Throughout his life Flaubert would be
a devoted and almost unapologetic frequenter of prostitutes. He wrote in
explanation of his fascination: "It may be a perverted taste, but I love
prostitution, and for itself, too, quite apart from its carnal aspects. My
heart begins to pound every time I see one of those women in low-cut dresses
walking under the lamplight in the rain, just as monks in their corded robes
have always excited some deep, ascetic corner of my soul. The idea of
prostitution is a meeting place of so many elements--lust, bitterness, complete
absence of human contact, muscular frenzy, the clink of gold--that to peer into
it makes one reel. One learns so many things in a brothel, and feels such
sadness, and dreams so longingly of love!"
Various figures are mentioned in the
narrative other than Flaubert and Ducamp. There is "Joseph," a
dragoman they hired in Genoa and whose real name is Giuseppe Brichetti. And
there is the crew of the Nile boat they hired.

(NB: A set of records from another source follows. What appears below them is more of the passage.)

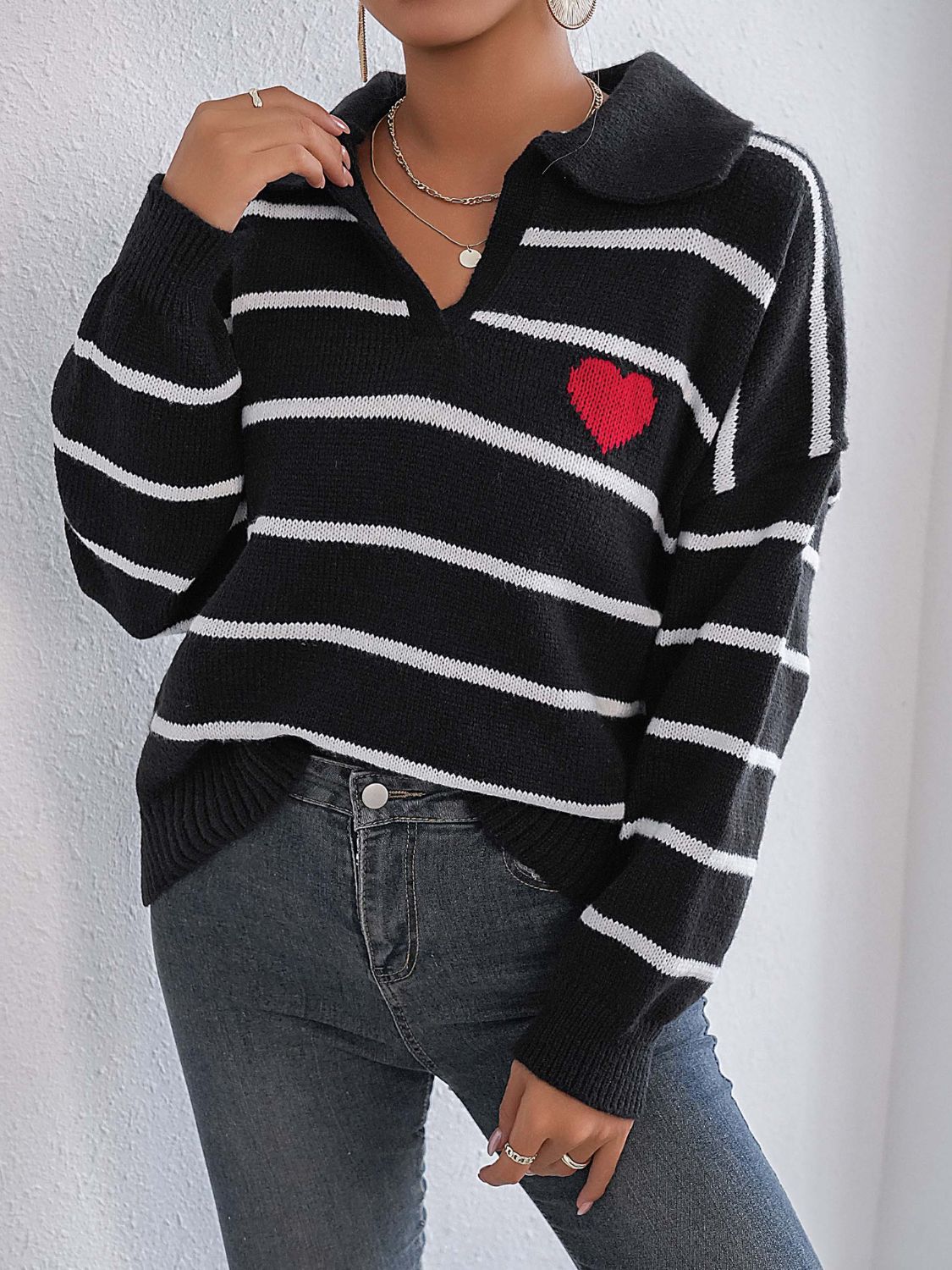 Striped Johnny Collar Long Sleeve Sweater  Trendsi   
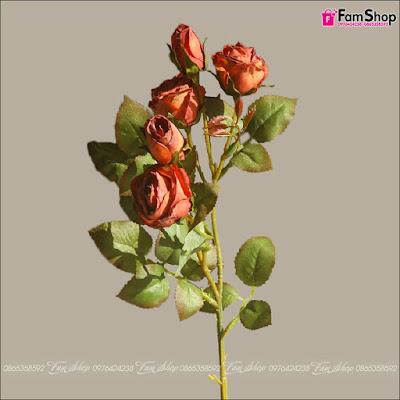 Cành hoa hồng nhỏ trang trí H50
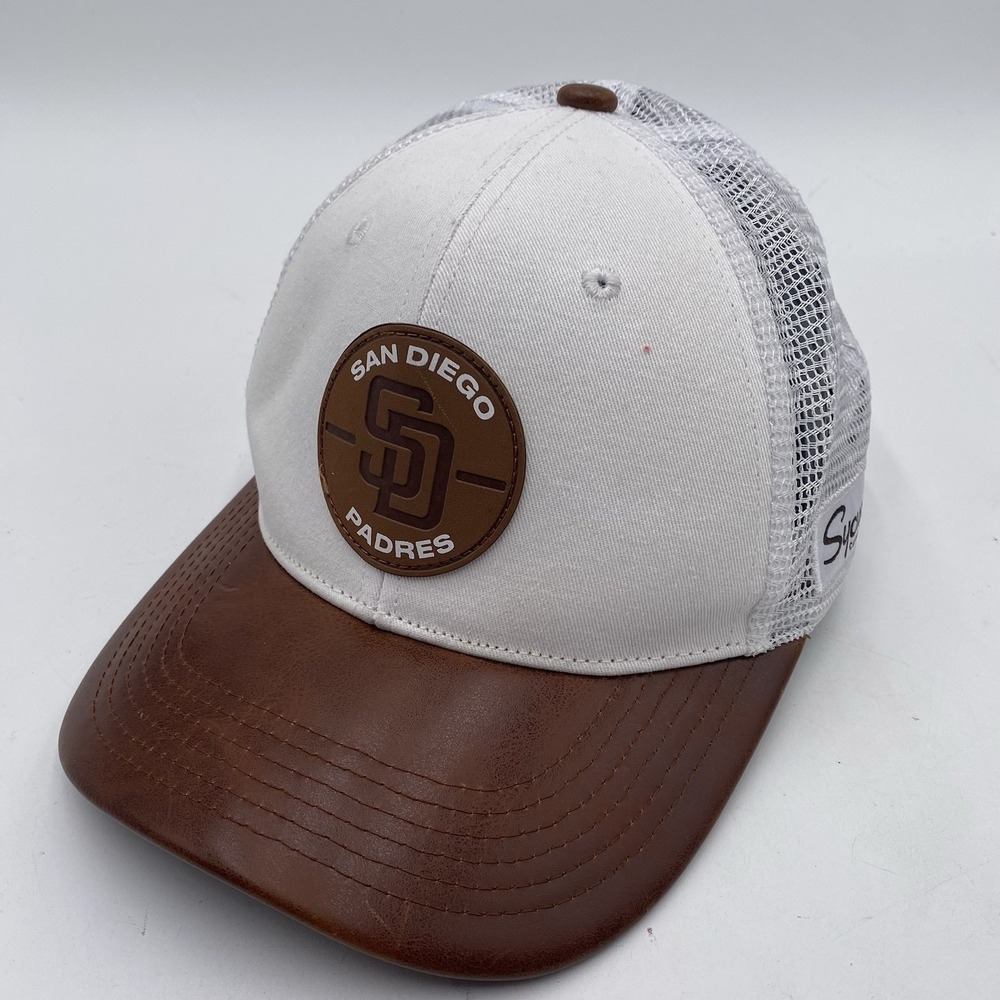 San‎ Diego Padres Hat White Faux Leather SnapBack Mesh Trucker  Cleaned VGC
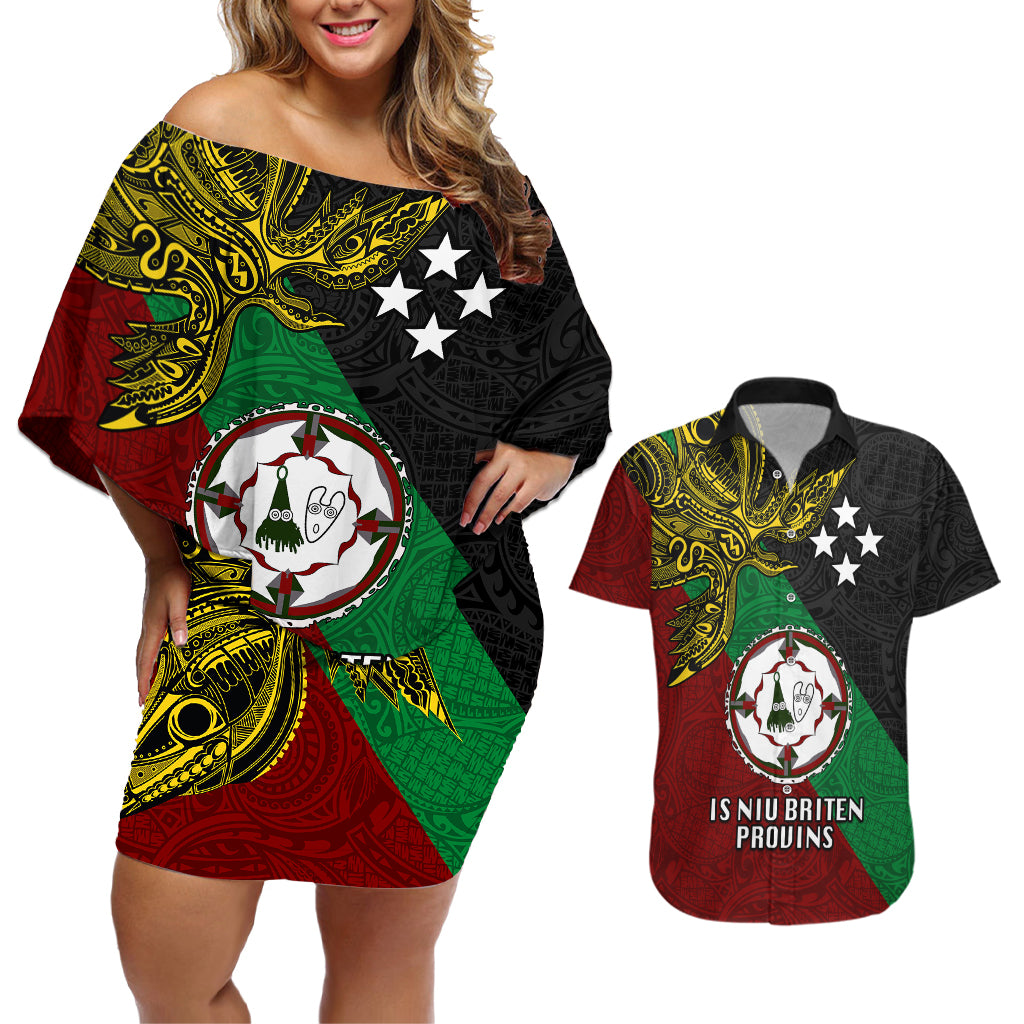 Custom Papua New Guinea East New Britain Province Couples Matching Off Shoulder Short Dress and Hawaiian Shirt PNG Birds Of Paradise Polynesian Arty Style LT03 Green - Polynesian Pride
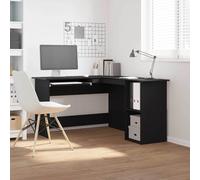 vidaXL Scrivania ad angolo Rovere nero 120 x 140 x 75 cm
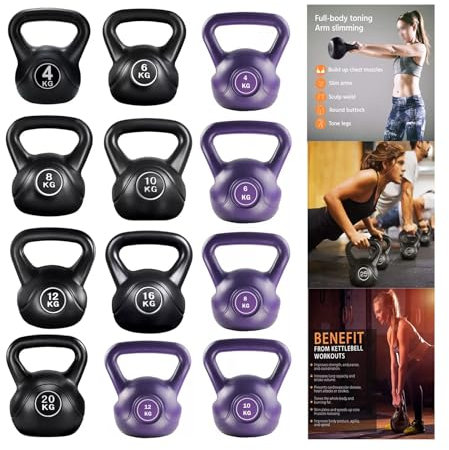 Vinyl Kettlebell Weight Set Kettlebells Exercise Home Gym Fitness Workout 4-20kg | Heavy Weight Kettle Bell for Strength Cardio Training - Kettlebells for Home and Gym Fitness Workout (Black, 4 KG)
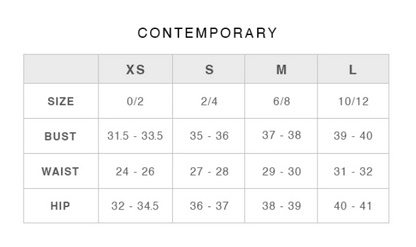 Size chart for 'Contemporary' clothing size range with bust, waist, and hip measurements.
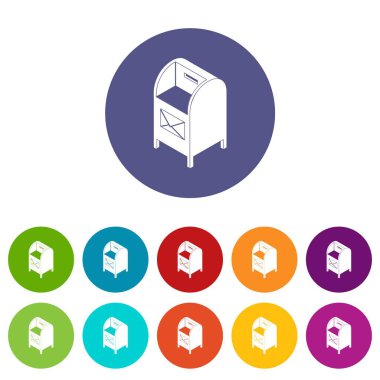 Sokak postbox simgeler vektör renk ayarla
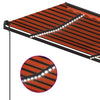 Sisäänkelattava markiisi LED/tuulisensori 5x3,5 m oranssiruskea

The text I used for my translation is
that prepared by Pierre-Marc de Biasi and entitled *Voyage en Egypte* (Paris:
Bernard Grasset, 1991). My quotations in the notes from Flaubert's letters to
Louise Colet are also translated directlyl from quotations previously made in
this French edition.
--Eric Mader-Lin
Madison, August, 1997
While we were having breakfast, a
thin almeh came to speak with Joseph. She had narrow temples, eyes painted with
antinomy, and a long veil which she held down around her elbows. She was
followed by a pet lamb the wool of which had been dyed in places with yellow
henna and the nose of which was muzzled by a thin strip of black velour, a very
fuzzy animal with feet that looked artificial, not leaving its mistress for an
instant.
Bambeh led the way accompanied by the
lamb. She pulled open a door, and we entered a house with a small courtyard and
a stairway facing it. Atop the stairway facing us, surrounded by the light,
standing out against the blue background of the sky, a woman standing, in pink
trousers, around her torso wearing only a dark violet gauze.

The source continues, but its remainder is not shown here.